> What the task requires
Each line from the first entry to the line with "Venezia Oil Painting - Bernard Hay", both included, is to be returned unchanged, with any pictures dropped.

Web page caption snippets
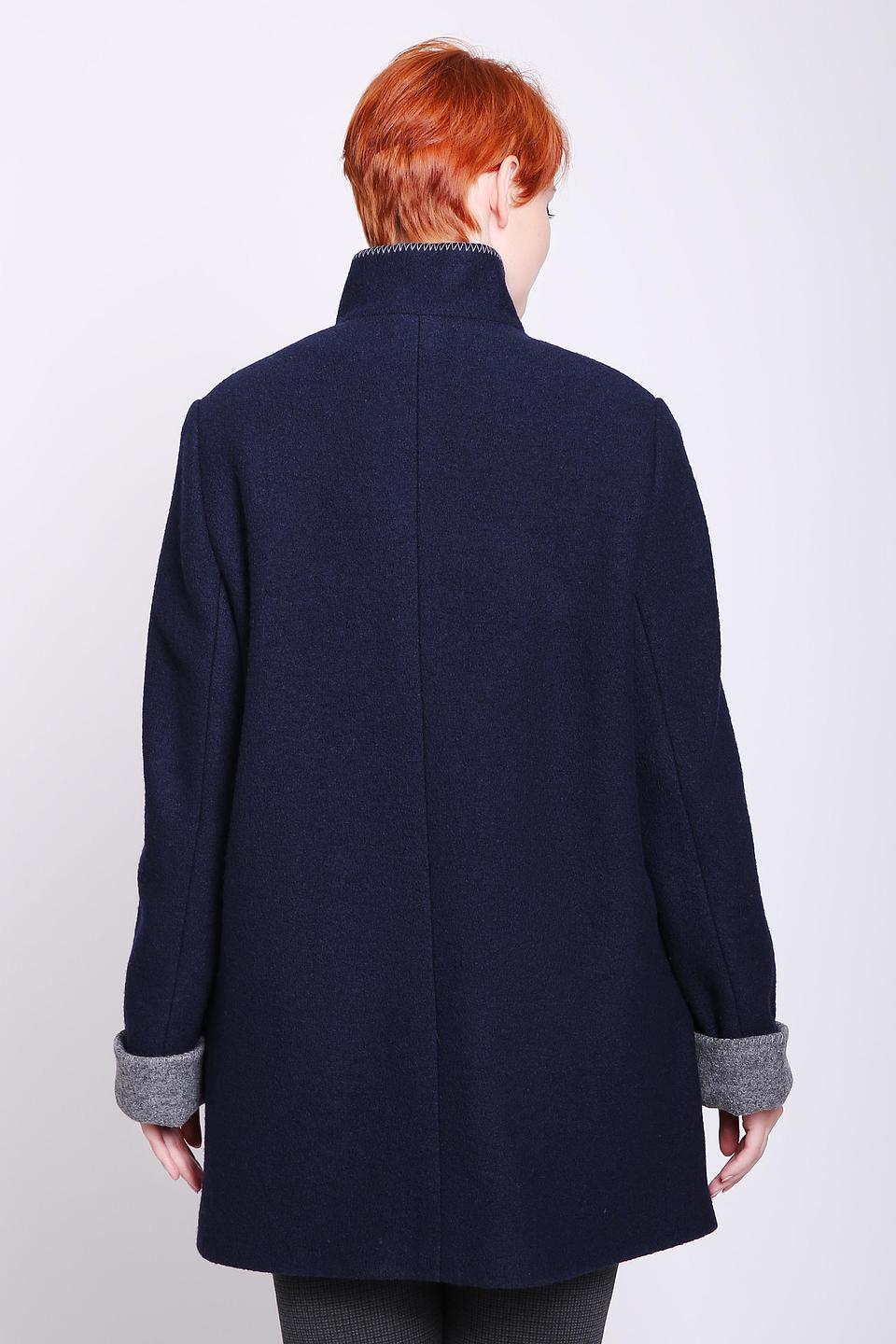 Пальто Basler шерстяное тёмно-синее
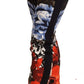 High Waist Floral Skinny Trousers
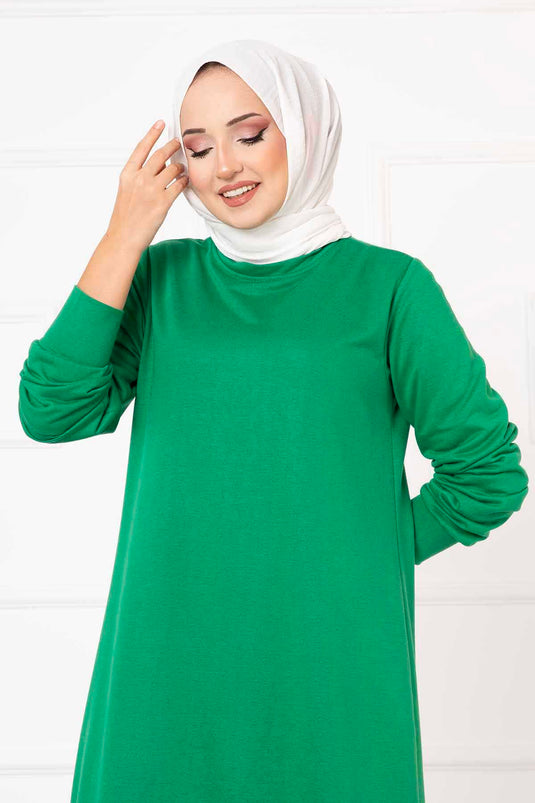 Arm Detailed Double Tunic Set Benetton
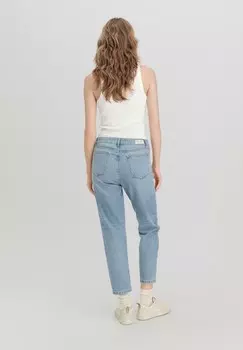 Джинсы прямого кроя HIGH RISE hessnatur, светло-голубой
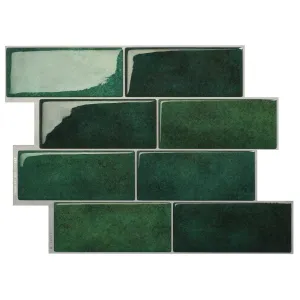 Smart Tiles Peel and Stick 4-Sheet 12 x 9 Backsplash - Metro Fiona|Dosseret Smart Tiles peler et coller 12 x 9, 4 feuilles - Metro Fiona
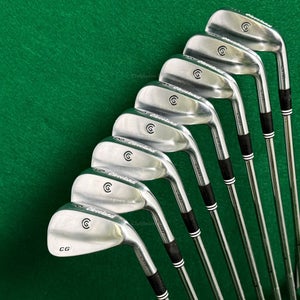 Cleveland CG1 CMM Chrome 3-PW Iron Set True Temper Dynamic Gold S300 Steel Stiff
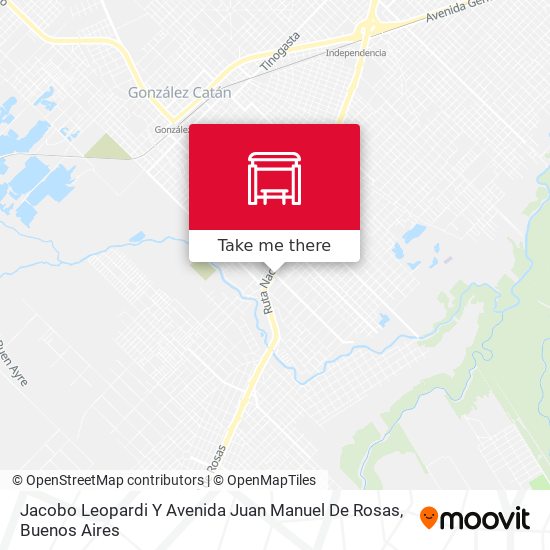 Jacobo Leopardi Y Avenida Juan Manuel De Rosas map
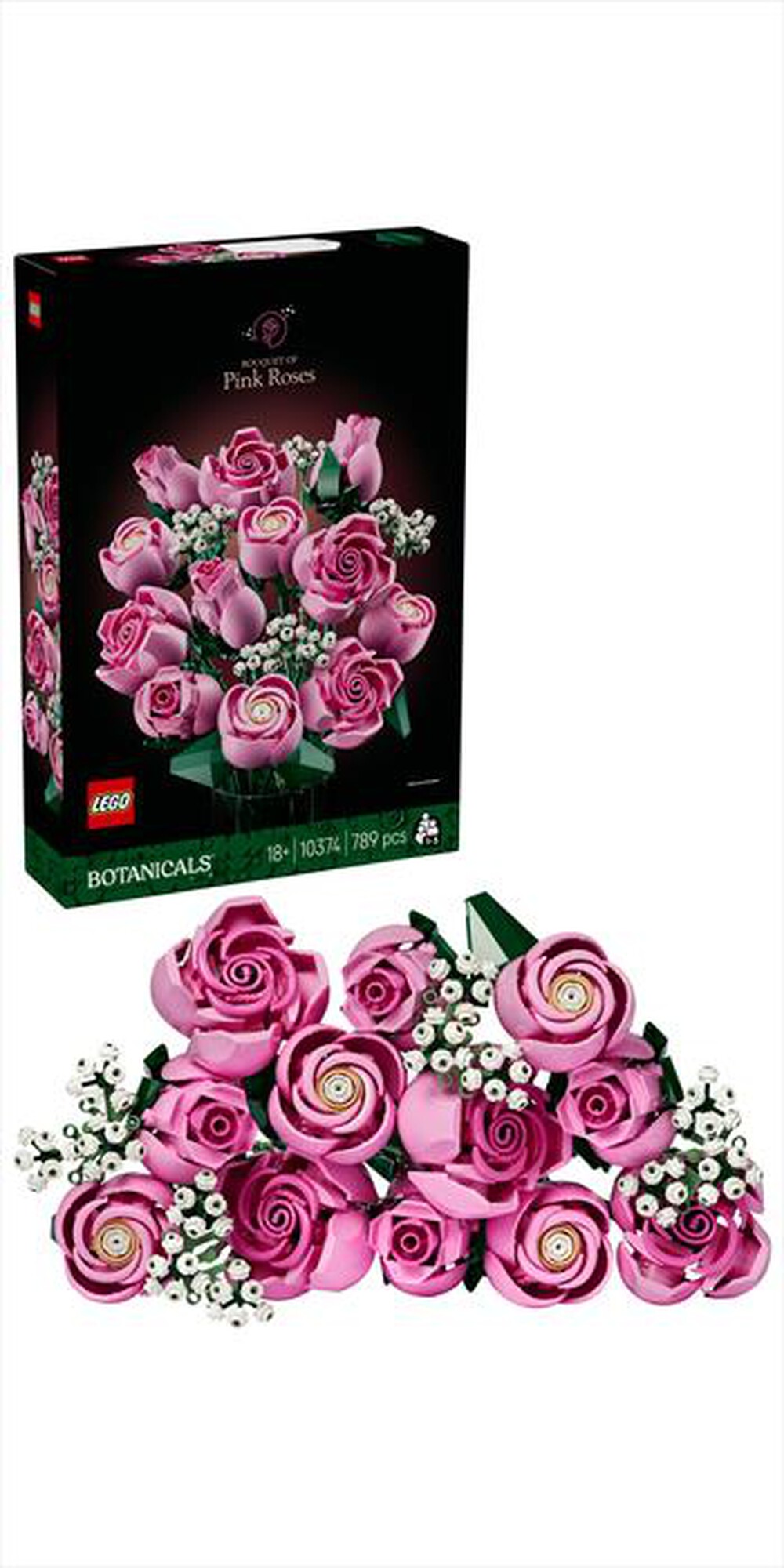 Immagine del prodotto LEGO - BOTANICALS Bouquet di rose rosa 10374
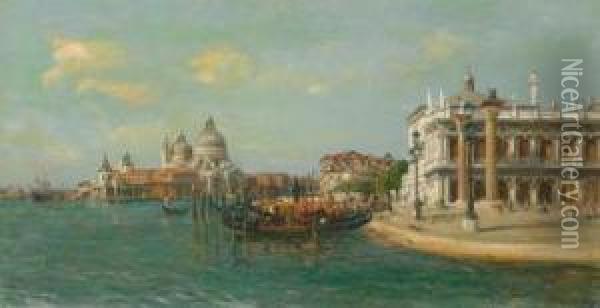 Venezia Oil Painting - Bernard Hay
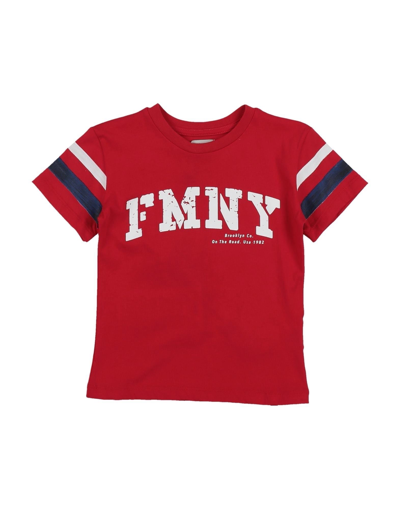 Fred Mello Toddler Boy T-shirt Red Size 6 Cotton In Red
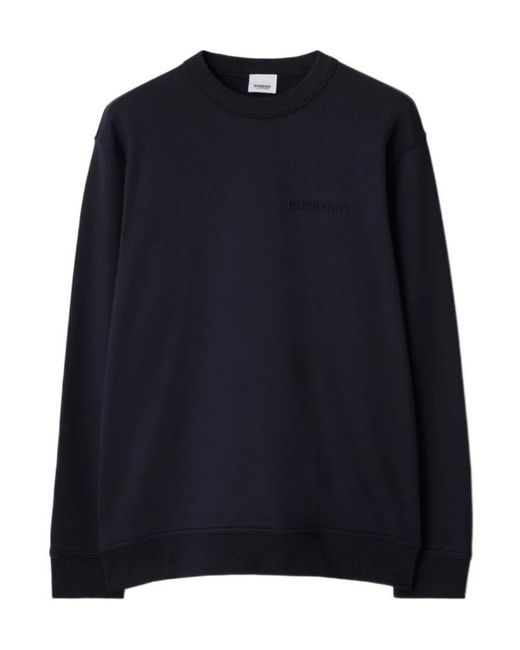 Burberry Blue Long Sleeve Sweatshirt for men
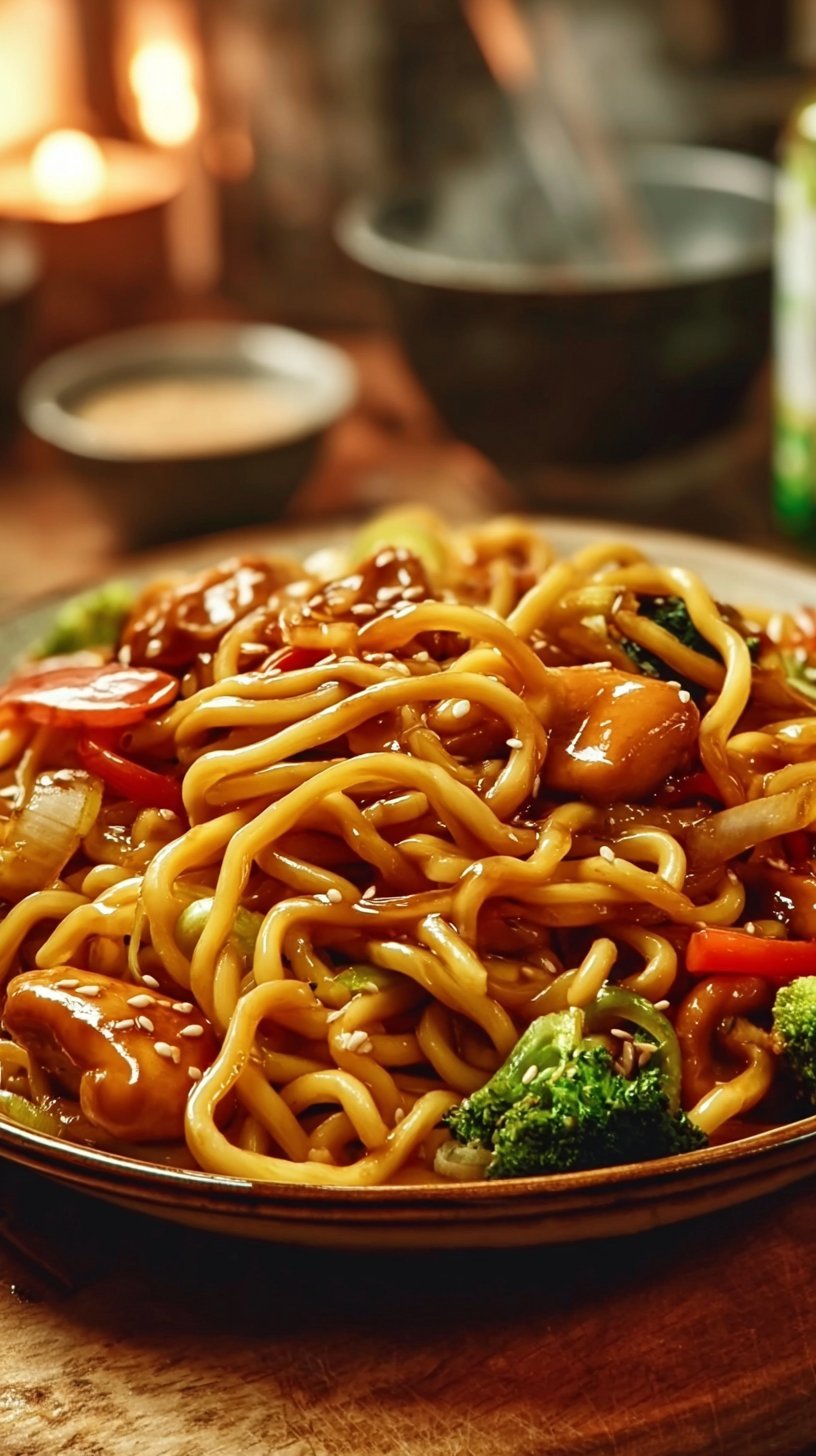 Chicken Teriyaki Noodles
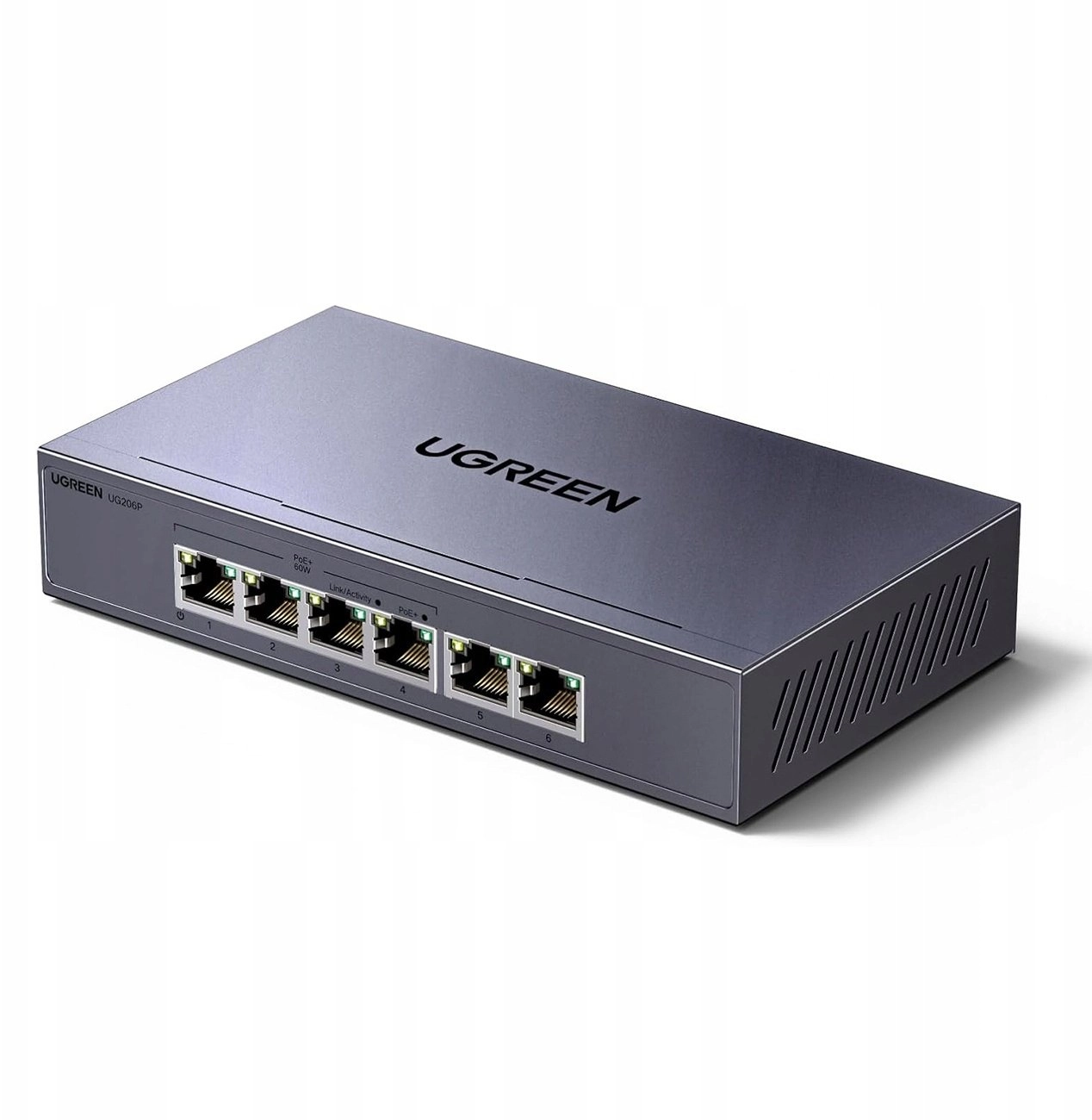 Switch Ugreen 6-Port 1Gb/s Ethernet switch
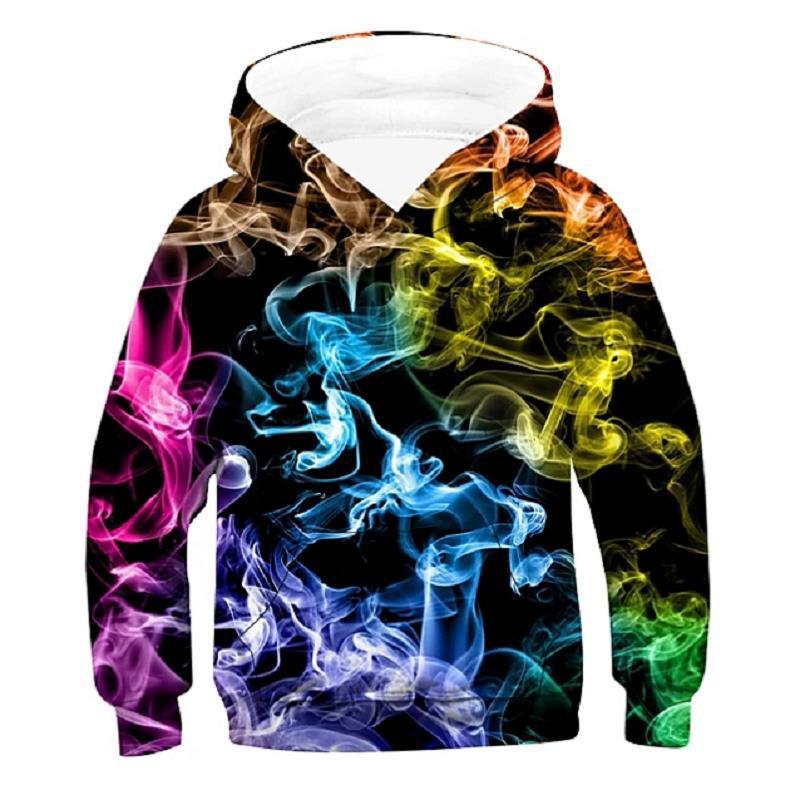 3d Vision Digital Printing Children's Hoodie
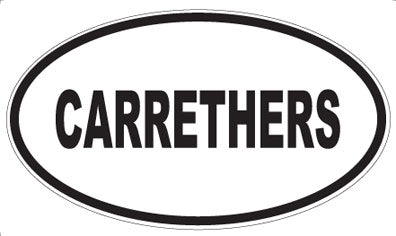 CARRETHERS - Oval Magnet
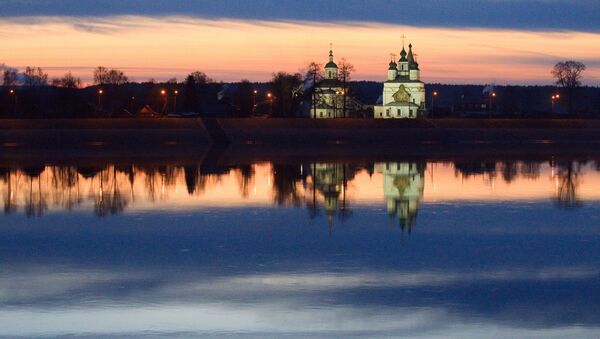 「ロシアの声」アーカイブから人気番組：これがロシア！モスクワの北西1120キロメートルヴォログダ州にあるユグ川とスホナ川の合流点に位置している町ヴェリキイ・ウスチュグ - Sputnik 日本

> Response for this exercise
 Пальто Basler шерстяное тёмно-синее
 High Waist Floral Skinny Trousers
 Arm Detailed Double Tunic Set Benetton
 Джинсы прямого кроя HIGH RISE hessnatur, светло-голубой
 Smart Tiles Peel and Stick 4-Sheet 12 x 9 Backsplash - Metro Fiona|Dosseret Smart Tiles peler et coller 12 x 9, 4 feuilles - Metro Fiona
 Cleveland CG1 CMM Chrome 3-PW Iron Set True Temper Dynamic Gold S300 Steel Stiff
 Jacobo Leopardi Y Avenida Juan Manuel De Rosas map
 Immagine del prodotto LEGO - BOTANICALS Bouquet di rose rosa 10374
 Venezia Oil Painting - Bernard Hay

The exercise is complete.